楽しかったポンペイ展の思い出
こんにちは。からし山まよ江です。
趣味でフリーウェアのゲーム制作をしています。
去年の夏、勢いだけで古代ローマを舞台にしたギャルゲーを作りました。
ロクに歴史の知識もないままハチャメチャなモノを作りましたが、いろいろ資料など見るうちに本当の歴史に興味もでてきます。
そんな折、上野の東京国立博物館で2022.1.14~『ポンペイ展』が始まりました。
見てきたよ!とレポートです。
7695字。長いので興味ない項目はスルーしてどうぞ。
・東京国立博物館周辺のことを知りたい→「冬の東京国立博物館」の項
・観覧の費用や諸注意を知りたい→「入館前」の項
・ポンペイ噴火の歴史概要を知りたい→「噴火当時をふりかえる」の項
・展示内容の事だけ知りたい→「ここからは画像モリモリ!」の項
をご覧ください。
『ポンペイ展』は巡回開催。こんなスケジュールです。
(東京)2022年1月14日(金)~4月3日(日)
(京都)2022年4月21日(木)~7月3日(日)京都市京セラ美術館
(福岡)2022年10月12日(水)~12月4日(日)九州国立博物館
ほか1会場(宮城)
詳細は公式サイトを見てね。(けっこう重いサイトだけど……)
冬の東京国立博物館
今回の会場は「トーハク」こと東京国立博物館。
国立科学博物館・国立西洋美術館・上野動物園などがあるエリアです。
このエリアにプラッと行ける時間の余裕が欲しいなぁ。
このエリアはどこもかしこもリッチな敷地の使い方をしていて、東京なのに空が広いな高いな感が味わえます。

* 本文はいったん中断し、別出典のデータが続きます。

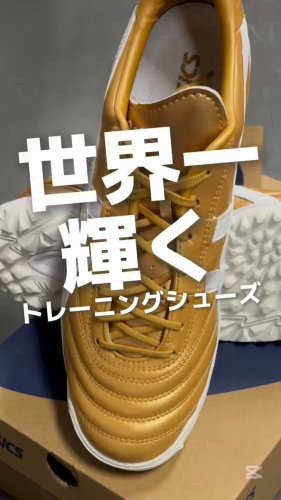 Video post from @KKishispo.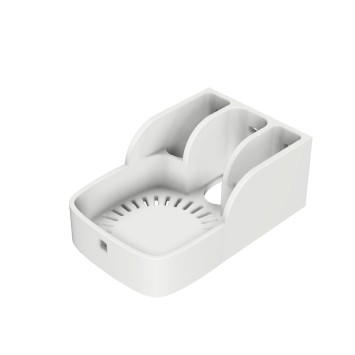 TP-Link Archer NX200 / NX220 / NX500 / NX510 Vægbeslag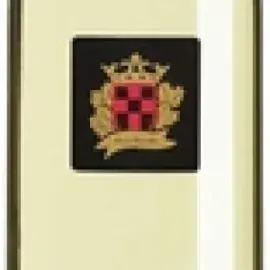 Bottle 98117-2024-12-075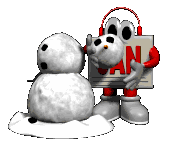calendar_january_snowman_lg_clr.gif
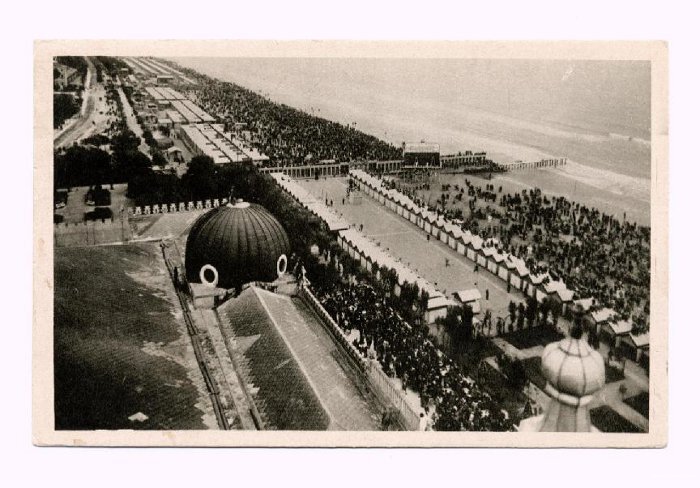 Фото Hotel La Pergola di Venezia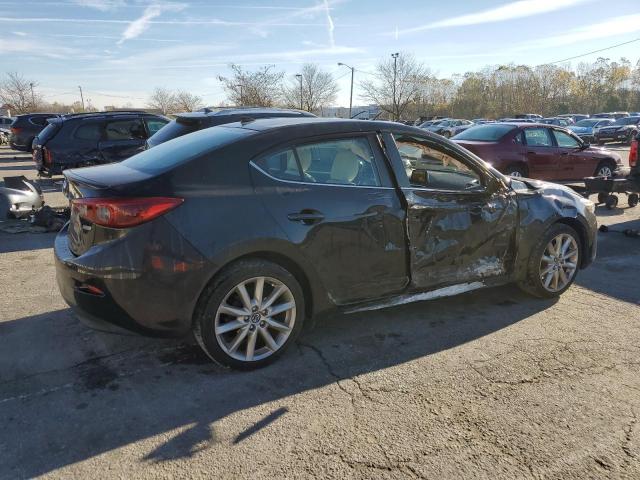 Фото 3 - MAZDA 3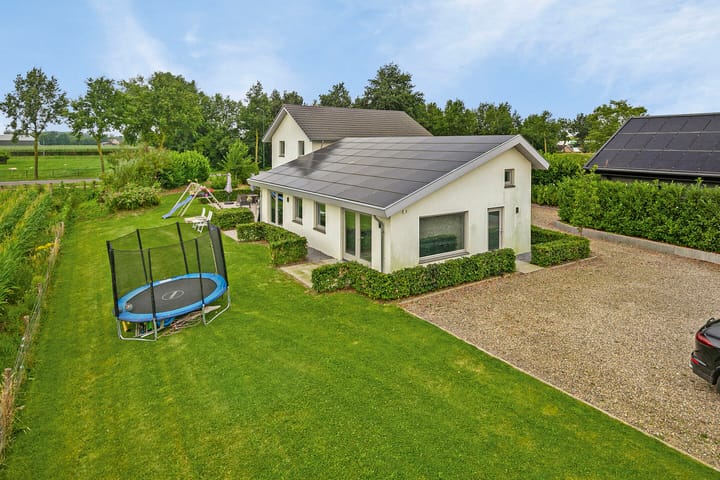 Foto 66 van van Heemstraweg 14-A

「イスラーム王朝とムスリムの世界」も面白かったけど、写真は撮れなかった。
シャムシールの実物や、刃がナミナミのクリスナイフの実物を見たよ!
入館前〜お金のこと施設利用のこと〜
当日の諸注意で覚えていることを記録。
・チケットは入場時間指定の事前予約制。
ポンペイ展内の滞在時間はおおむね90分で、と要請されています。
コロナ対策でこのような対応なのです。
滞在時間を1分単位で測られるような厳しい規制ではないです。
だいたいの入場時間が決められているので、入れ替わりのタイミングで退場チェックされているのかな?と思いました。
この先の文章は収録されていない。